时间:2022-12-25 21:26:16

For example, I'm running the k-means algorithm on 1 million data points. Each point is 128-dimensional, and I want 1000 clusters. Wikipedia tells me that its complexity is n^(dk+1)log(n), where d is the number of dimensions, k number of clusters and n number of instances. Knowing that, how can I get an estimate of how long it will run on my 8-Gb RAM, 2.6GHz Intel Core i5 MacBook Pro? What is the best way to calculate this estimate? Is there a way to calculate it theoretically or should I do a few experiments on smaller sets and see how long it takes?
I would really like to have rough estimate before I spend hours or days without knowing when it might stop. Thanks so much for your help! I really appreciate it :).

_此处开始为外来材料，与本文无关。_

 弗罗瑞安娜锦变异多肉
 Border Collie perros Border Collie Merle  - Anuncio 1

例如,我运行的k-means算法在100万个数据点上。每个点都是128维的,我想要1000个集群。我在*上看到,其复杂性是n ^(dk + 1)log(n),k d维度的数量,数量的集群和n的实例数量。知道了这一点,我怎么能估计出它在我的8-Gb、2.6GHz的英特尔酷睿i5 MacBook Pro上运行的时间呢?计算这个估计值的最好方法是什么?有没有一种方法来计算它呢?或者我应该做几个小的实验,看看需要多长时间?我真的希望在我花费数小时或数天时间而不知道何时会停止之前有一个粗略的估计。非常感谢你的帮助!我真的很感激。

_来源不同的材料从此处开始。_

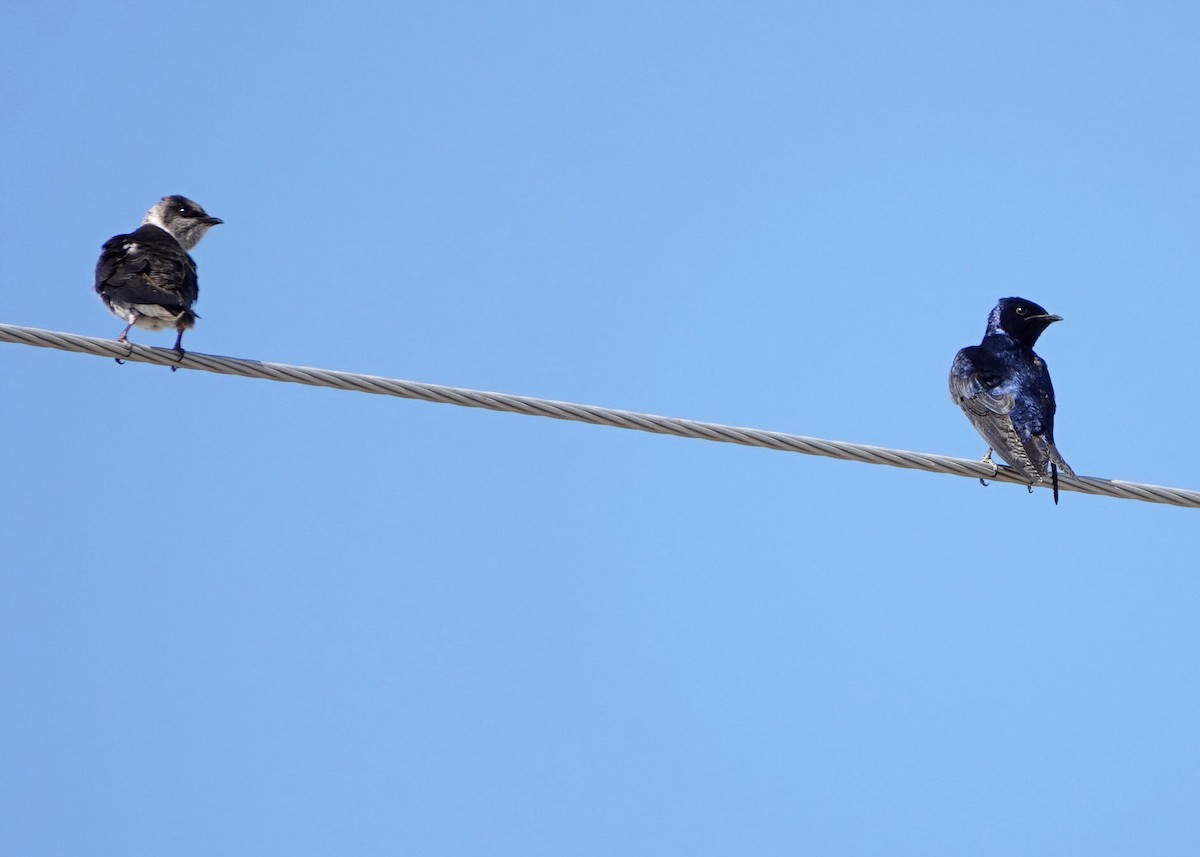 Purple Martin - ML620503186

Ps. I'm using pythons' scipy kmeans

我用的是python的scipy kmeans

2 个解决方案

#1


0  

Do some experiments. k-means is popular only because it usually runs much, much faster than that asymptotic bound would suggest.

做一些实验。k-means之所以受欢迎,仅仅是因为它的运行速度通常比渐近线所表示的快得多。

#2


0  

There is so much machine-related and algorithm-related specifics which is hidden in the big-O constant that it won't be possible to estimate it (for your machine and your SciPy) theoretically.

有太多与机器相关的和与算法相关的细节隐藏在big-O常量中,因此无法从理论上估计它(对于您的机器和SciPy)。

However nothing will prevent you from finding the constant experimentally - as you said: "do a few experiments on smaller sets".

然而,没有什么可以阻止你从实验中找到常数——正如你所说:“在小的集合上做一些实验”。

#1


0  

Do some experiments. k-means is popular only because it usually runs much, much faster than that asymptotic bound would suggest.

做一些实验。k-means之所以受欢迎,仅仅是因为它的运行速度通常比渐近线所表示的快得多。

#2


0  

There is so much machine-related and algorithm-related specifics which is hidden in the big-O constant that it won't be possible to estimate it (for your machine and your SciPy) theoretically.

有太多与机器相关的和与算法相关的细节隐藏在big-O常量中,因此无法从理论上估计它(对于您的机器和SciPy)。

However nothing will prevent you from finding the constant experimentally - as you said: "do a few experiments on smaller sets".

然而,没有什么可以阻止你从实验中找到常数——正如你所说:“在小的集合上做一些实验”。